WORK REQUEST —
Please give the lines below again exactly as they stand, from the one that contains "tiled living room with ceiling fan" up to and including the one that contains "Dziadek staruszek patrząc", leaving all pictures out.

(INFORMATION SHOWN)

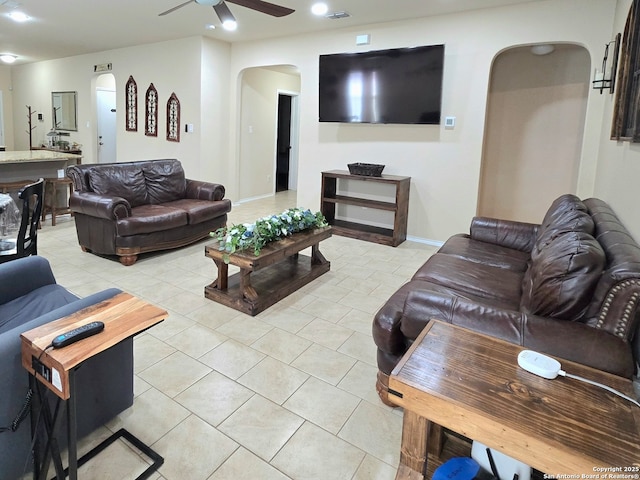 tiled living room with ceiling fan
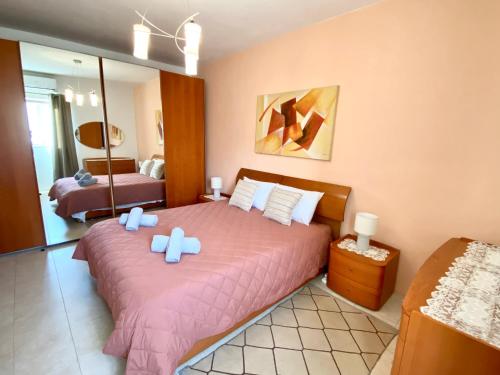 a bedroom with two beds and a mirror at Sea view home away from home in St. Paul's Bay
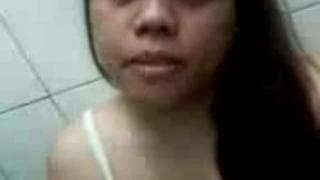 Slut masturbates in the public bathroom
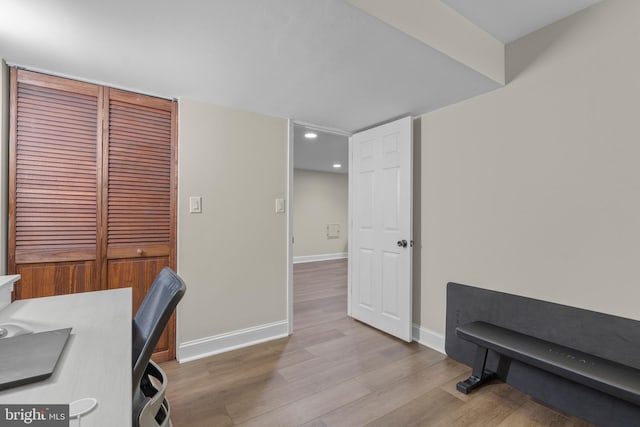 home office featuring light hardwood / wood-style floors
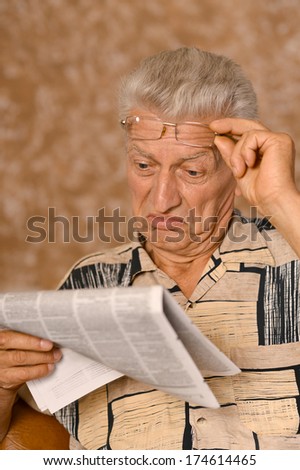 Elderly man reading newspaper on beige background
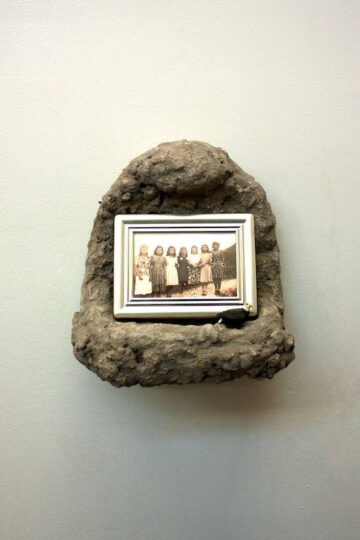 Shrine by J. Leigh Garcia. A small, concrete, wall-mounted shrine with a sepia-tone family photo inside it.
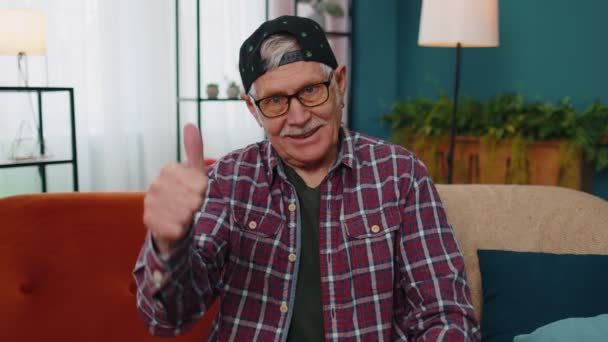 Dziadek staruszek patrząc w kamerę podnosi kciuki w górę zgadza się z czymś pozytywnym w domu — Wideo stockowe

(End INFORMATION SHOWN)
(INFORMATION SHOWN)

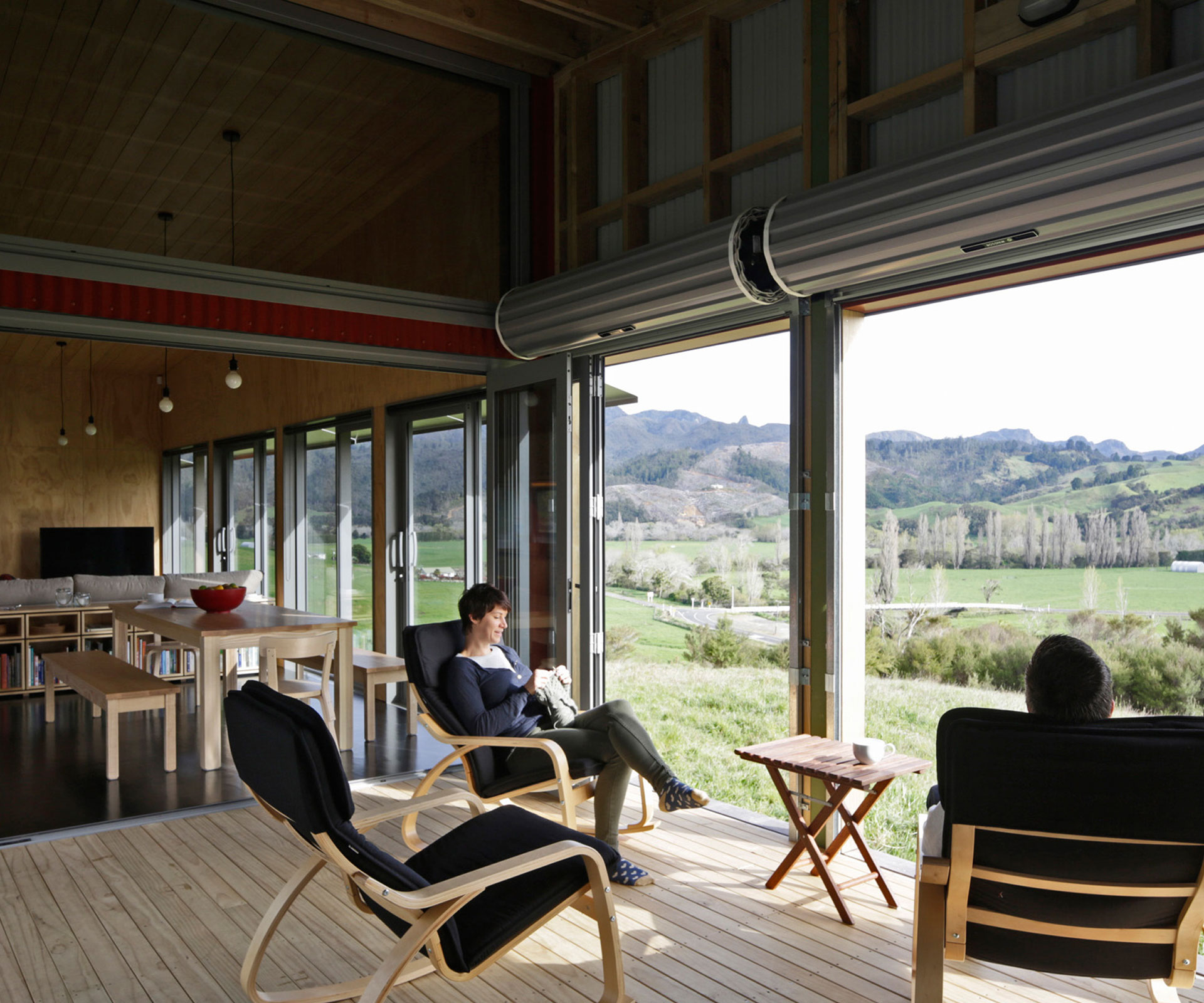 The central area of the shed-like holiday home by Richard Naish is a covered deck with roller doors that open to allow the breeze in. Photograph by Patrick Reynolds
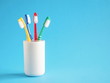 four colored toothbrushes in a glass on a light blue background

(End INFORMATION SHOWN)

ANSWER AREA —
 tiled living room with ceiling fan
 a bedroom with two beds and a mirror at Sea view home away from home in St. Paul's Bay
 Slut masturbates in the public bathroom
 home office featuring light hardwood / wood-style floors
 Elderly man reading newspaper on beige background
 Shrine by J. Leigh Garcia. A small, concrete, wall-mounted shrine with a sepia-tone family photo inside it.
 Dziadek staruszek patrząc w kamerę podnosi kciuki w górę zgadza się z czymś pozytywnym w domu — Wideo stockowe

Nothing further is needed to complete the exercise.